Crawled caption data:
----------------
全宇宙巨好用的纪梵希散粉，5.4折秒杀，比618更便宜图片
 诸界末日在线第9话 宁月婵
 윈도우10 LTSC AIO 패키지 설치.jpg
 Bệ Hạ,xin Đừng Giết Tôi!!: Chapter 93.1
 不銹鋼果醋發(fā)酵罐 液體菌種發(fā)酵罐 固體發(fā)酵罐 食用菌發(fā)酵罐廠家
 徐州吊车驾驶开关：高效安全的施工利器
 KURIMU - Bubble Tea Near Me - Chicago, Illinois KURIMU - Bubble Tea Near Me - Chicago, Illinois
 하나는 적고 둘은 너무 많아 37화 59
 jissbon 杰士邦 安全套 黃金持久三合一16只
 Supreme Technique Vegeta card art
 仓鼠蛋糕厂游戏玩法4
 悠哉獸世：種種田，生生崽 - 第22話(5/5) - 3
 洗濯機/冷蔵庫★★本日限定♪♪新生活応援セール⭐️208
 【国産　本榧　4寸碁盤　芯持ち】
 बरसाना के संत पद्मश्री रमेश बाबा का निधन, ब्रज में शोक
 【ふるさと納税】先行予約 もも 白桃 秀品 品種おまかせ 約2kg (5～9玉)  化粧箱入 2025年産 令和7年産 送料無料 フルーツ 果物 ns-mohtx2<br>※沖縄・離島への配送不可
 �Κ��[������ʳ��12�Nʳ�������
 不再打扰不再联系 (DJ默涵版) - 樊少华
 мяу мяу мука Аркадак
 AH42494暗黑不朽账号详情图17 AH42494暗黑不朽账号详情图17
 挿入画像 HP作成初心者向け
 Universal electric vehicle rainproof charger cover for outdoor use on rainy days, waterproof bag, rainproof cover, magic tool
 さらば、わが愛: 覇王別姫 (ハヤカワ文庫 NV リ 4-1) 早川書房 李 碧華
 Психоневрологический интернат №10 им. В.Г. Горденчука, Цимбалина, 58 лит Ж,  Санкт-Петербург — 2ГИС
----------------
**What is expected:** Each line above needs to be repeated exactly, with nothing omitted.

**Response to this task:**
全宇宙巨好用的纪梵希散粉，5.4折秒杀，比618更便宜图片
 诸界末日在线第9话 宁月婵
 윈도우10 LTSC AIO 패키지 설치.jpg
 Bệ Hạ,xin Đừng Giết Tôi!!: Chapter 93.1
 不銹鋼果醋發(fā)酵罐 液體菌種發(fā)酵罐 固體發(fā)酵罐 食用菌發(fā)酵罐廠家
 徐州吊车驾驶开关：高效安全的施工利器
 KURIMU - Bubble Tea Near Me - Chicago, Illinois KURIMU - Bubble Tea Near Me - Chicago, Illinois
 하나는 적고 둘은 너무 많아 37화 59
 jissbon 杰士邦 安全套 黃金持久三合一16只
 Supreme Technique Vegeta card art
 仓鼠蛋糕厂游戏玩法4
 悠哉獸世：種種田，生生崽 - 第22話(5/5) - 3
 洗濯機/冷蔵庫★★本日限定♪♪新生活応援セール⭐️208
 【国産　本榧　4寸碁盤　芯持ち】
 बरसाना के संत पद्मश्री रमेश बाबा का निधन, ब्रज में शोक
 【ふるさと納税】先行予約 もも 白桃 秀品 品種おまかせ 約2kg (5～9玉)  化粧箱入 2025年産 令和7年産 送料無料 フルーツ 果物 ns-mohtx2<br>※沖縄・離島への配送不可
 �Κ��[������ʳ��12�Nʳ�������
 不再打扰不再联系 (DJ默涵版) - 樊少华
 мяу мяу мука Аркадак
 AH42494暗黑不朽账号详情图17 AH42494暗黑不朽账号详情图17
 挿入画像 HP作成初心者向け
 Universal electric vehicle rainproof charger cover for outdoor use on rainy days, waterproof bag, rainproof cover, magic tool
 さらば、わが愛: 覇王別姫 (ハヤカワ文庫 NV リ 4-1) 早川書房 李 碧華
 Психоневрологический интернат №10 им. В.Г. Горденчука, Цимбалина, 58 лит Ж,  Санкт-Петербург — 2ГИС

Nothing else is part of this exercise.